Toshiba, which makes everything from nuclear power equipment to laptop computers, flash memory chips and home appliances, is seeking to revive profits by narrowing the scope of its business lines. An accounting scandal has left the Japanese conglomerate in tatters, facing record losses, job cuts and potential spinoffs.
“Toshiba sells it with strong reluctance, but it has no choice,” said Hiroyasu Nishikawa, an analyst at Iwai Cosmo Securities Co. “Toshiba will lose a driver for sales and profit.”
Canon, the world’s biggest camera maker, is targeting a business that makes diagnostic imaging systems such as MRI, X-ray and ultrasound equipment. It would also take the company into competition with General Electric Co., Royal Philips NV and Siemens AG for MRI machines that typically cost more than $100,000 each.
Canon is diversifying as smartphones with increasingly advanced cameras eat into its business. The Tokyo-based company also makes printers, fax machines and projectors while its existing health care business includes radiography and ophthalmic equipment, according to its website.
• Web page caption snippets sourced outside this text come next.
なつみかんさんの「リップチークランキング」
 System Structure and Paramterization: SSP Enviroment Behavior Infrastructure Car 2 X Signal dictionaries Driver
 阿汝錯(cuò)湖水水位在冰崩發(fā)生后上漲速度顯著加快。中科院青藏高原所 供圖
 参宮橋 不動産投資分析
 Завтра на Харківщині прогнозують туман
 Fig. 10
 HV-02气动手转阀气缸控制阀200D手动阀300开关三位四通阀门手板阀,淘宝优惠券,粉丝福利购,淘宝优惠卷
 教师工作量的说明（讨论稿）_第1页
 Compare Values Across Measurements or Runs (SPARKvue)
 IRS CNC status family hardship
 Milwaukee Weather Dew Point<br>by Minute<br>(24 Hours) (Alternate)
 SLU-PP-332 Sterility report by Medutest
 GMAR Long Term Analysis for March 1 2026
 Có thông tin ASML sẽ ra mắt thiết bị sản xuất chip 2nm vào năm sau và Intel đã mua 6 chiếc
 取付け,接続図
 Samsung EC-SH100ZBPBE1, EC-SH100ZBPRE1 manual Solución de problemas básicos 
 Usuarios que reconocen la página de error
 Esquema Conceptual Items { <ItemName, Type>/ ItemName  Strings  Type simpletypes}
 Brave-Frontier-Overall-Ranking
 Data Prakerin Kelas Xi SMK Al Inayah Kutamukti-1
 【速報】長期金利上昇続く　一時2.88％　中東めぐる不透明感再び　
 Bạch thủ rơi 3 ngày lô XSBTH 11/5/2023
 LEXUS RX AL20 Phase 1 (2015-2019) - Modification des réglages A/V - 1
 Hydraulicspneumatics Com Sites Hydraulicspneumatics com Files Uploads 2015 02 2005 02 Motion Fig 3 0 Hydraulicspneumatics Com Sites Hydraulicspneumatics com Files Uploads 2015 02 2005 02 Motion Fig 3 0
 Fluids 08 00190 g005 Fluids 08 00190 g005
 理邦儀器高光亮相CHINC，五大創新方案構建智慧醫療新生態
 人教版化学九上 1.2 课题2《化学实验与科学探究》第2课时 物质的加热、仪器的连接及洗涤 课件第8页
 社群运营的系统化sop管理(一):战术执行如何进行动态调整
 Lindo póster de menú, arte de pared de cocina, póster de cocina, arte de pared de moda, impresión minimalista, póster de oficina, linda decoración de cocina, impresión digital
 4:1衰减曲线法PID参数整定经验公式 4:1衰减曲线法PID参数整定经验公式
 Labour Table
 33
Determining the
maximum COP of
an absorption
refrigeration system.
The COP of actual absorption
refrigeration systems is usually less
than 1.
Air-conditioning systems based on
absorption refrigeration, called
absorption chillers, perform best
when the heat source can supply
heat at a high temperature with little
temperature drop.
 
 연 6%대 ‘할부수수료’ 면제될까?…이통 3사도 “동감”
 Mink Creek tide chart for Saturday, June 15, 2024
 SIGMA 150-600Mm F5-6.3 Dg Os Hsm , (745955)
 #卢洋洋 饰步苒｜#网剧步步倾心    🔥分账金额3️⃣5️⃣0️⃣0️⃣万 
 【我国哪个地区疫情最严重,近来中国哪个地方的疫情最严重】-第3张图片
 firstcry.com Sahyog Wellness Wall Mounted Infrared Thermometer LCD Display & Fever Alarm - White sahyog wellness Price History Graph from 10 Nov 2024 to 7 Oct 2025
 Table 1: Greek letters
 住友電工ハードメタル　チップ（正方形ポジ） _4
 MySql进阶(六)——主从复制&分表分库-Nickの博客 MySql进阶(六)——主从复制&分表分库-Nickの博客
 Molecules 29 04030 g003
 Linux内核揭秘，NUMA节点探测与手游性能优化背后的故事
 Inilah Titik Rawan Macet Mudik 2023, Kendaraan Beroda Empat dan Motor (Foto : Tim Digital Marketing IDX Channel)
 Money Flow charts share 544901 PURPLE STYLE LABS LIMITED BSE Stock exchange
Canon had 634 billion yen of cash and equivalents as of Dec. 31 with total debt of 1.6 billion yen, according to data compiled by Bloomberg.
Toshiba’s health care division, which includes medical equipment and other businesses that Toshiba doesn’t plan to sell, had sales of 409.5 billion yen in the 12 months ended March 2015 and operating income of 23.9 billion yen, according to data compiled by Bloomberg.
“Medical equipment is a growing segment and is one of the few attractive businesses Toshiba has left today,” Mark C. Newman, managing director and senior analyst at Sanford C. Bernstein in Hong Kong, said before the announcement. “But following their accounting scandal they desperately need to raise money to strengthen their balance sheet.”